____ DATA SHOWN

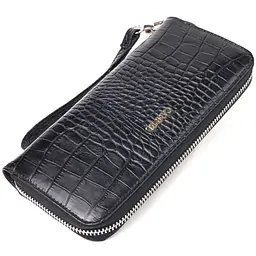 Горизонтальний гаманець для жінок з натуральної фактурної шкіри під крокодила Canpellini 21623 чорний - мініатюра 1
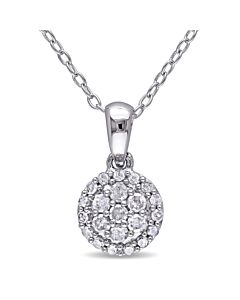 AMOUR 1/4 CT TW Diamond Cluster Halo Pendant with Chain In Sterling Silver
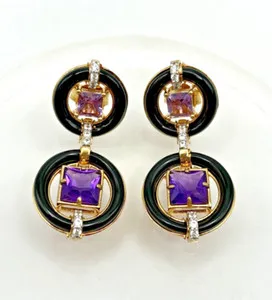 Authentic RARITIES Gold-Plated Onyx, Zircon, & Amethyst Drop Earrings - Pierced - NIB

________

* PROBLEM DETAILS: Your copy should hold all the data word for word. It should hold no pictures.

* FINISHED EXERCISE:
 Горизонтальний гаманець для жінок з натуральної фактурної шкіри під крокодила Canpellini 21623 чорний - мініатюра 1
 AMOUR 1/4 CT TW Diamond Cluster Halo Pendant with Chain In Sterling Silver
 Authentic RARITIES Gold-Plated Onyx, Zircon, & Amethyst Drop Earrings - Pierced - NIB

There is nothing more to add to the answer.